* Data excerpts *
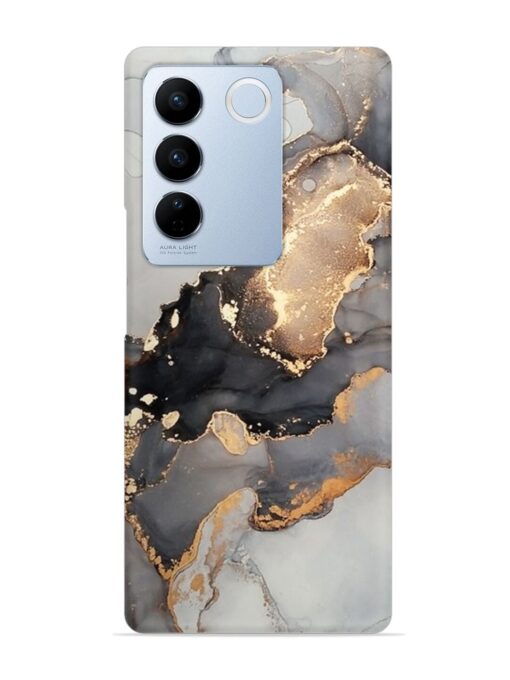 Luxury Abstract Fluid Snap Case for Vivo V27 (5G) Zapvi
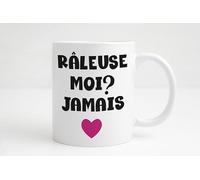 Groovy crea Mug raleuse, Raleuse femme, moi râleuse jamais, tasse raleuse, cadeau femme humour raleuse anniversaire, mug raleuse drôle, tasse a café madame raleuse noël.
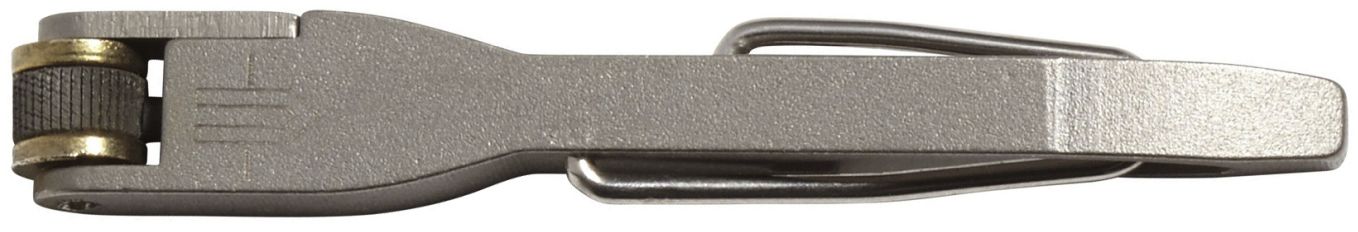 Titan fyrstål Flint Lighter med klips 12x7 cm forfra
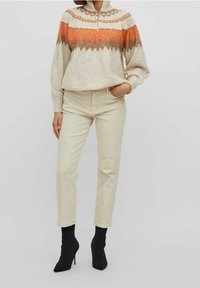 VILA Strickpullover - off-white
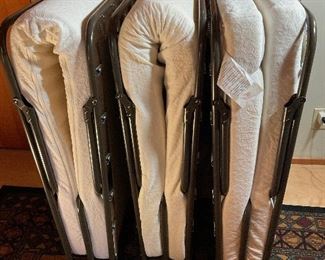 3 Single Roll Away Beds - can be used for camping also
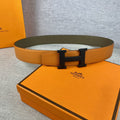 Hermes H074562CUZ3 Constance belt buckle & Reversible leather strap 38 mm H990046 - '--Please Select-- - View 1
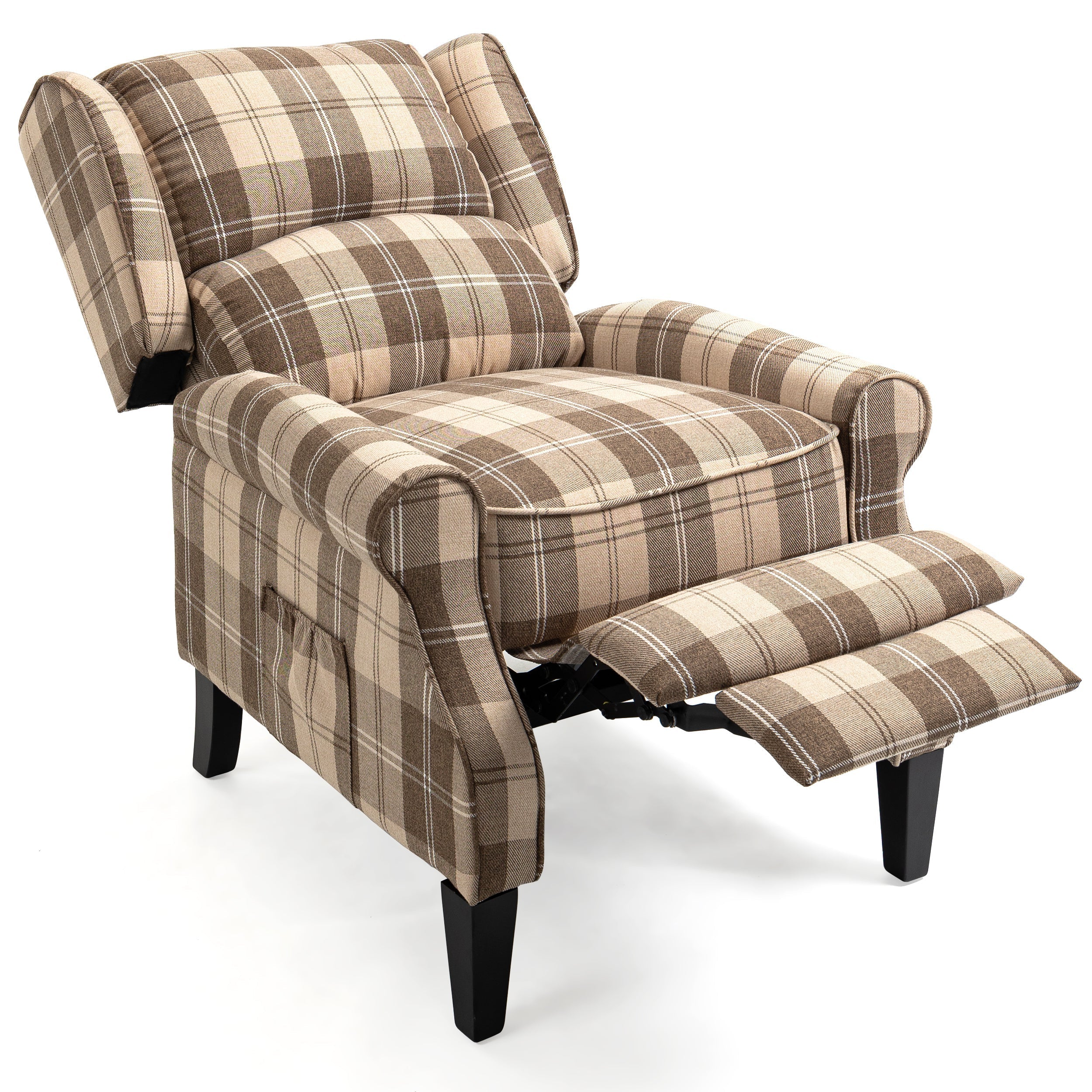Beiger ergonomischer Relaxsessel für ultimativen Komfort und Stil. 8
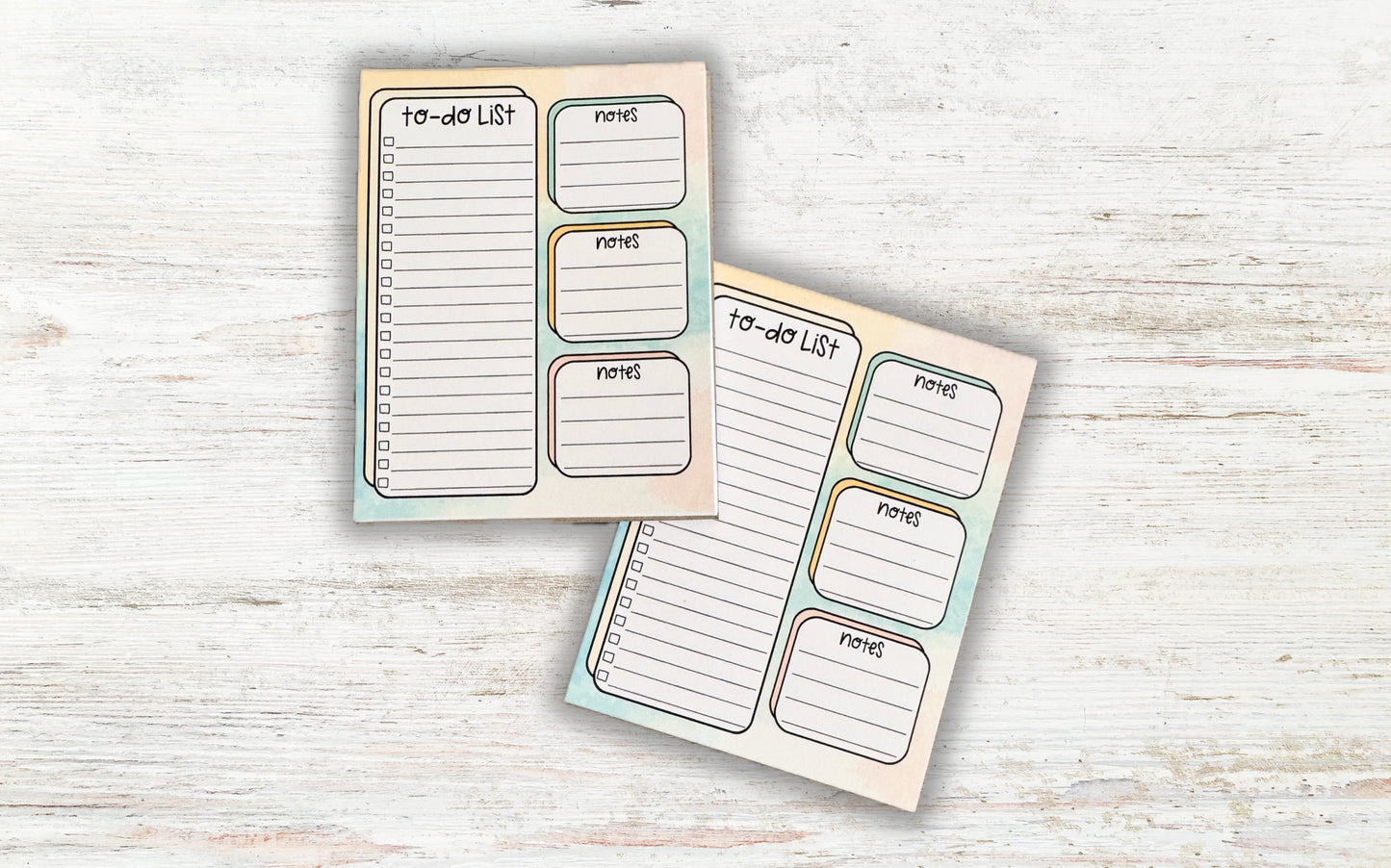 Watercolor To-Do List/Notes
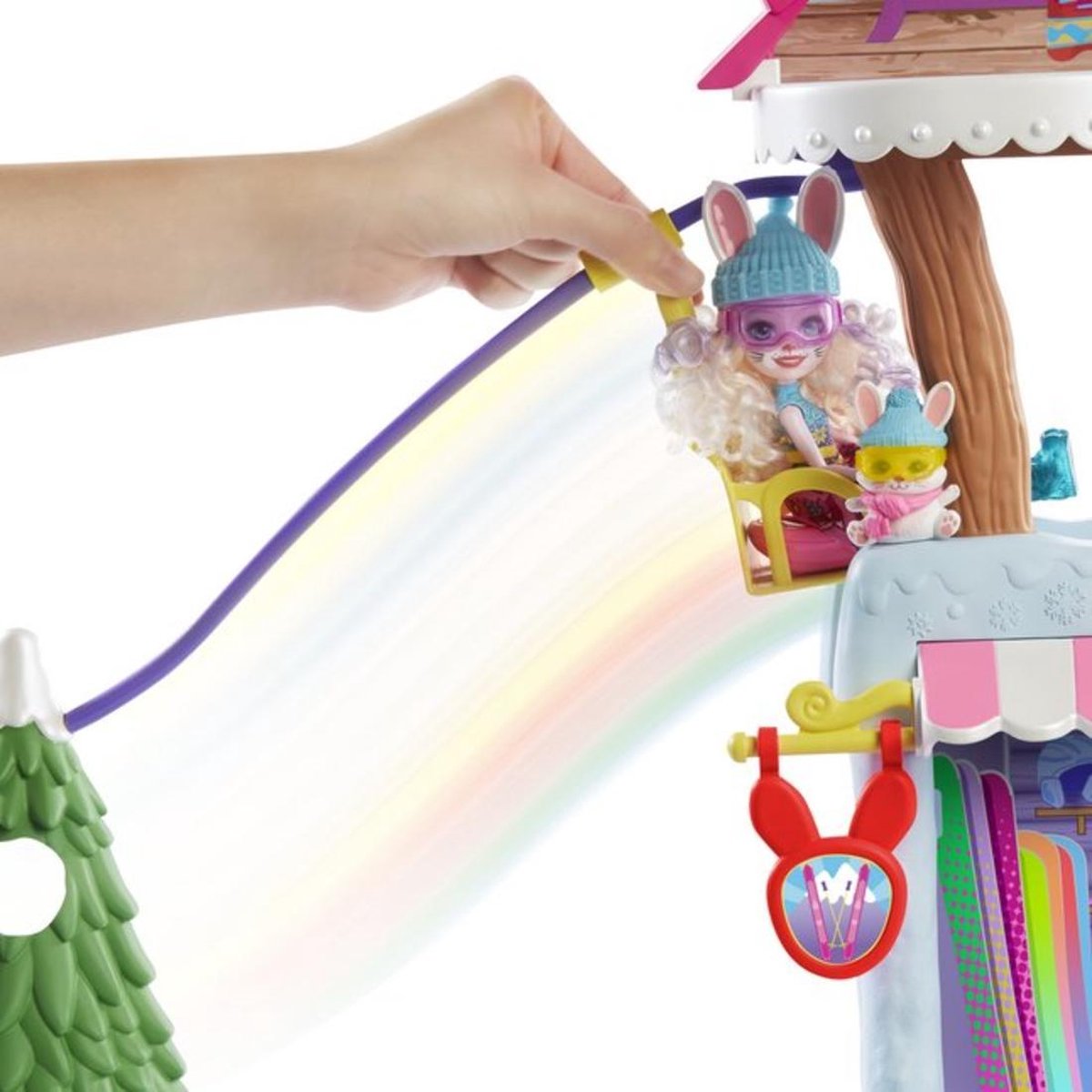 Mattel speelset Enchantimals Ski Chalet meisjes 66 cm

* Task brief *
Please reproduce nothing but the lines from the one containing "Hermes H074562CUZ3 Constance" through the closing line of the listing, retyped word for word, pictures excluded.

* Result of the task *
 Hermes H074562CUZ3 Constance belt buckle & Reversible leather strap 38 mm H990046 - '--Please Select-- - View 1
Beiger ergonomischer Relaxsessel für ultimativen Komfort und Stil. 8
 Watercolor To-Do List/Notes
 Mattel speelset Enchantimals Ski Chalet meisjes 66 cm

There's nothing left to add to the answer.